Back to the Sixth Circuit Booker beat

I have a lot more to say about the Supreme Court's work in Shepard (summary here, questions here), but the Sixth Circuit, as it seemingly does every day, gives us reason to return to the Booker beat.  Today's entry is US v. Hamm, No. 03-5658 (6th Cir. Mar. 8, 2005) (available here), which does not break any new ground, but covers the Circuit's now established plain-error ground fairly thoroughly.  (A full review on the three-way plain-error circuit split is provided here.)

Hamm is notable in part because we see the Sixth Circuit remanding for resentencing despite the absence of a Sixth Amendment problem in the case or any preserved objection on Apprendi-Blakely-Booker grounds.  It is also notable because the Sixth Circuit ducks a seemingly important issue concerning whether ex post facto principles preclude the application of the PROTECT Act's limits on downward departures in a sentencing for pre-PROTECT Act criminal conduct.  The Hamm court asserts: "We need not address the merits of Hamm's [ex post facto] arguments, however, because we conclude that the sentence imposed by the district court is invalid in light of Booker."

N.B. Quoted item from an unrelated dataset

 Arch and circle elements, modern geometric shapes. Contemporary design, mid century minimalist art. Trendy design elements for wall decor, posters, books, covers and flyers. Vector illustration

In one sense, the Hamm court is being prudential: if Booker requires resentencing anyway, the court can (and perhaps should) avoid adjudicating the constitutional issue raised by Hamm's ex post facto argument.  But, in another sense, the Hamm court is making life harder for the district court: the sentencing judge is left uncertain about whether ex post facto considerations might impact how it can and should calculate the applicable guideline range (including departure considerations), and thus the judge cannot be fully confident concerning post-Booker efforts to "consider" the guidelines.